_What you are asked to do_. Pictures must not appear in your answer. Write out exactly the lines from the one with "Montre Olivia Burton Rainbow Bee Argent" through the last line of the entries below.

________

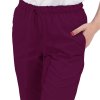 medicinski pantalon alessi bordo 3
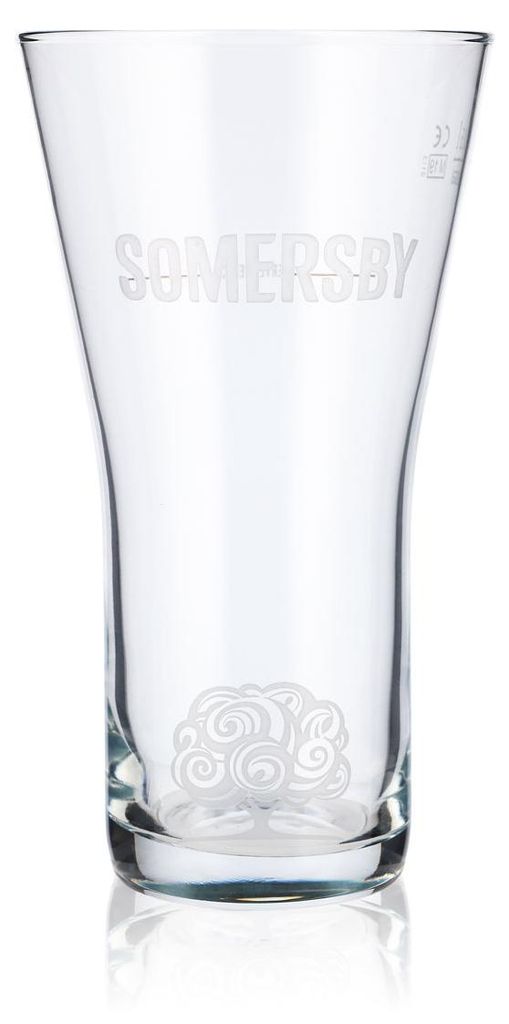 Somersby Cider Glas 0,5l Becher Cidergläser Logo Satiniert Produktbild 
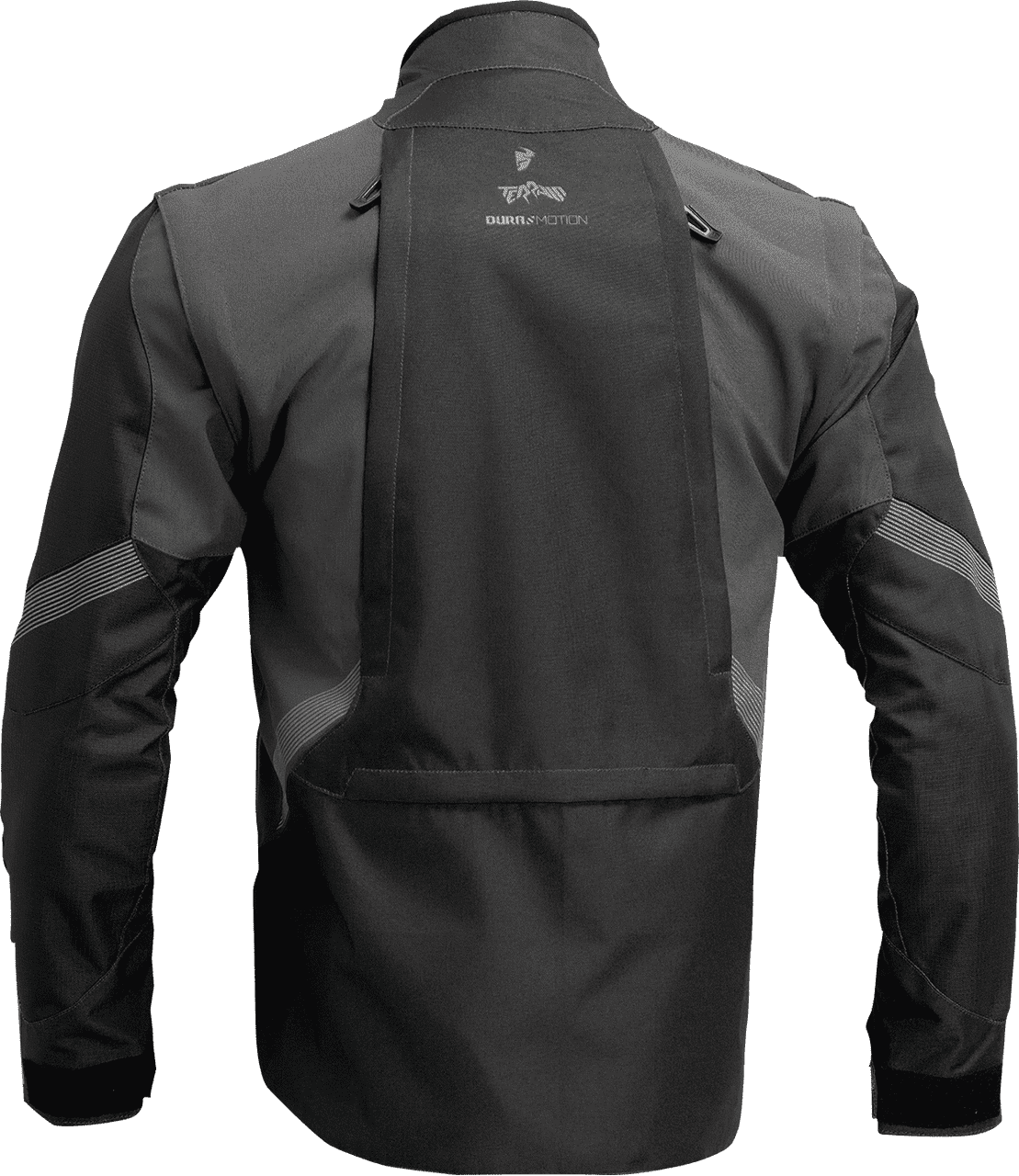 Thor-Men's-Terrain-Off-Road-Textile-Jacket-Black-charcoal-back-view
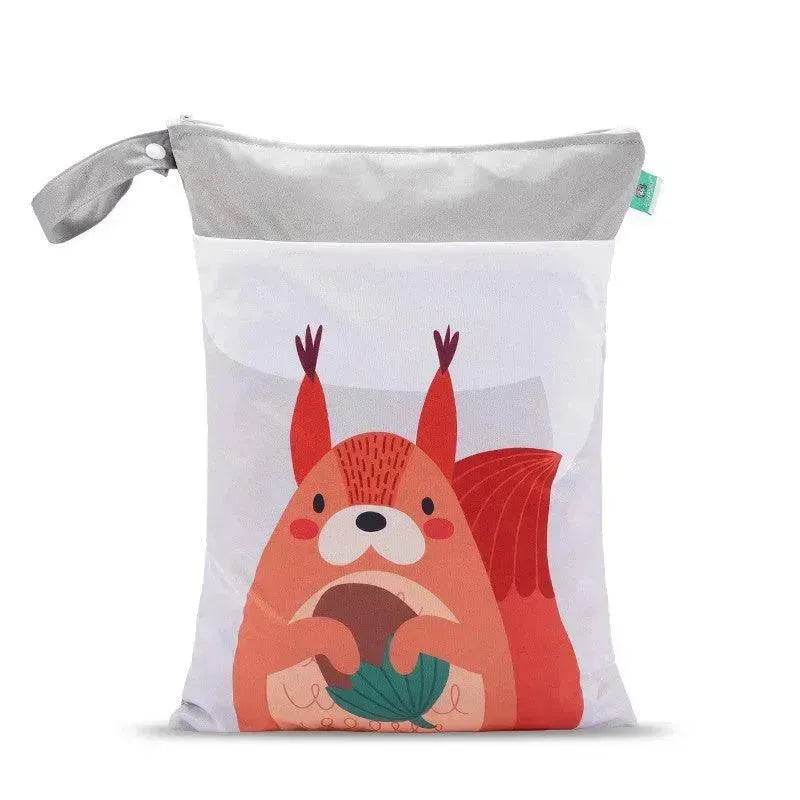 Infant Baby Diaper Storage Bag Travel Portable Diaper Bag Waterproof Clothes Diapers - EX-STOCK Canada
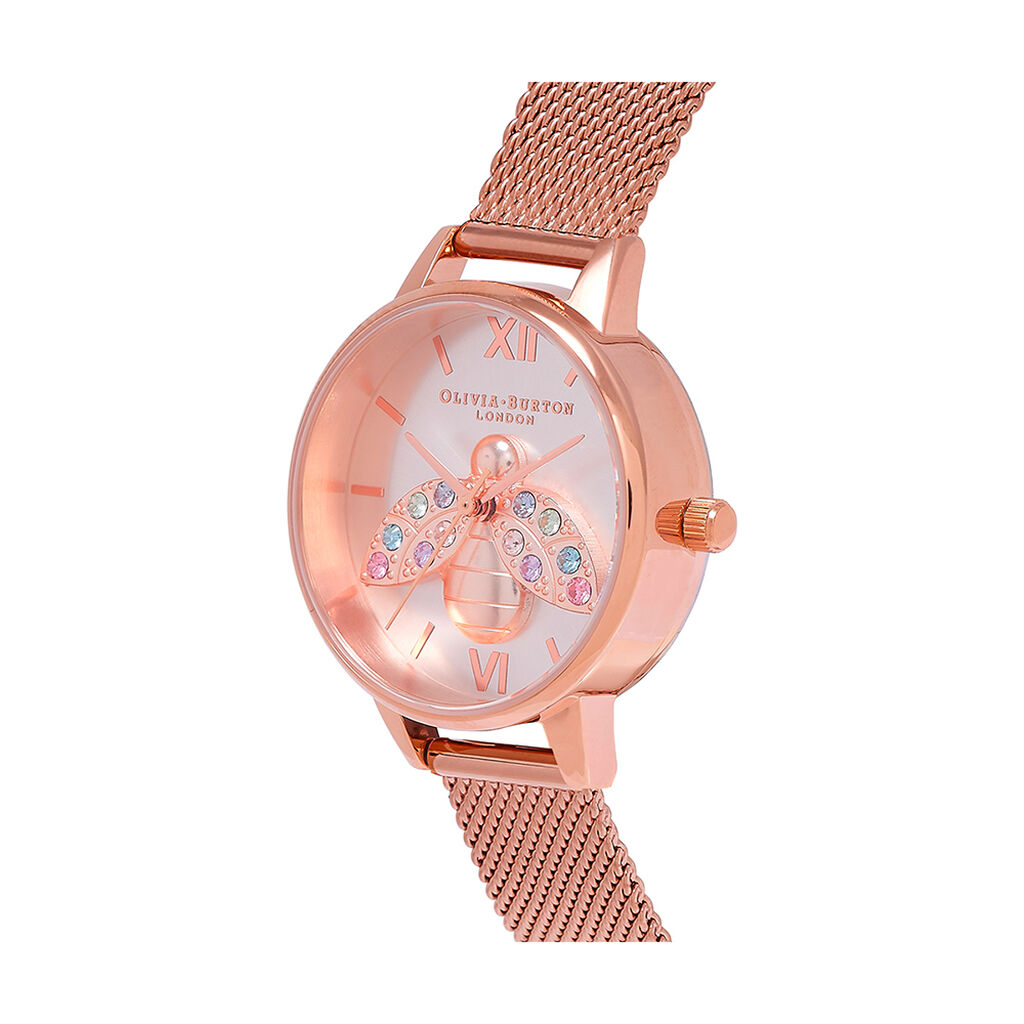 Montre Olivia Burton Rainbow Bee Argent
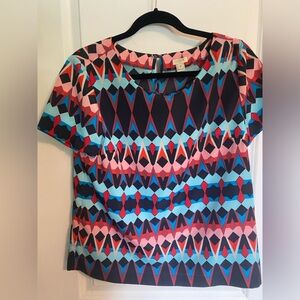 J. Crew Multicolored blouse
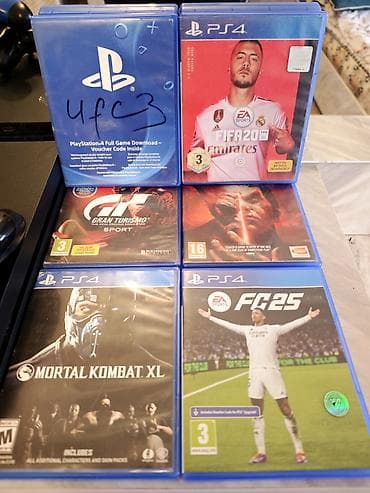 PlayStation 4 (PS4) 500 GB Комплектация: + геймпад - 2 даана + 6 даана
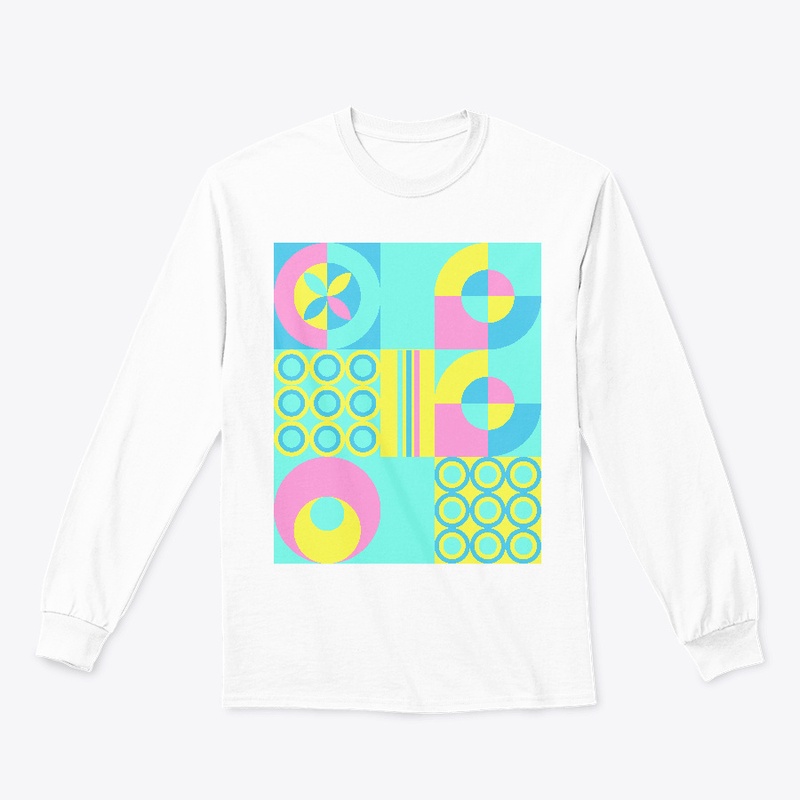 Tribal colorful geometric design pastel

________

_Answer_.
 Montre Olivia Burton Rainbow Bee Argent
 J. Crew Multicolored blouse
 PlayStation 4 (PS4) 500 GB Комплектация: + геймпад - 2 даана + 6 даана
 Tribal colorful geometric design pastel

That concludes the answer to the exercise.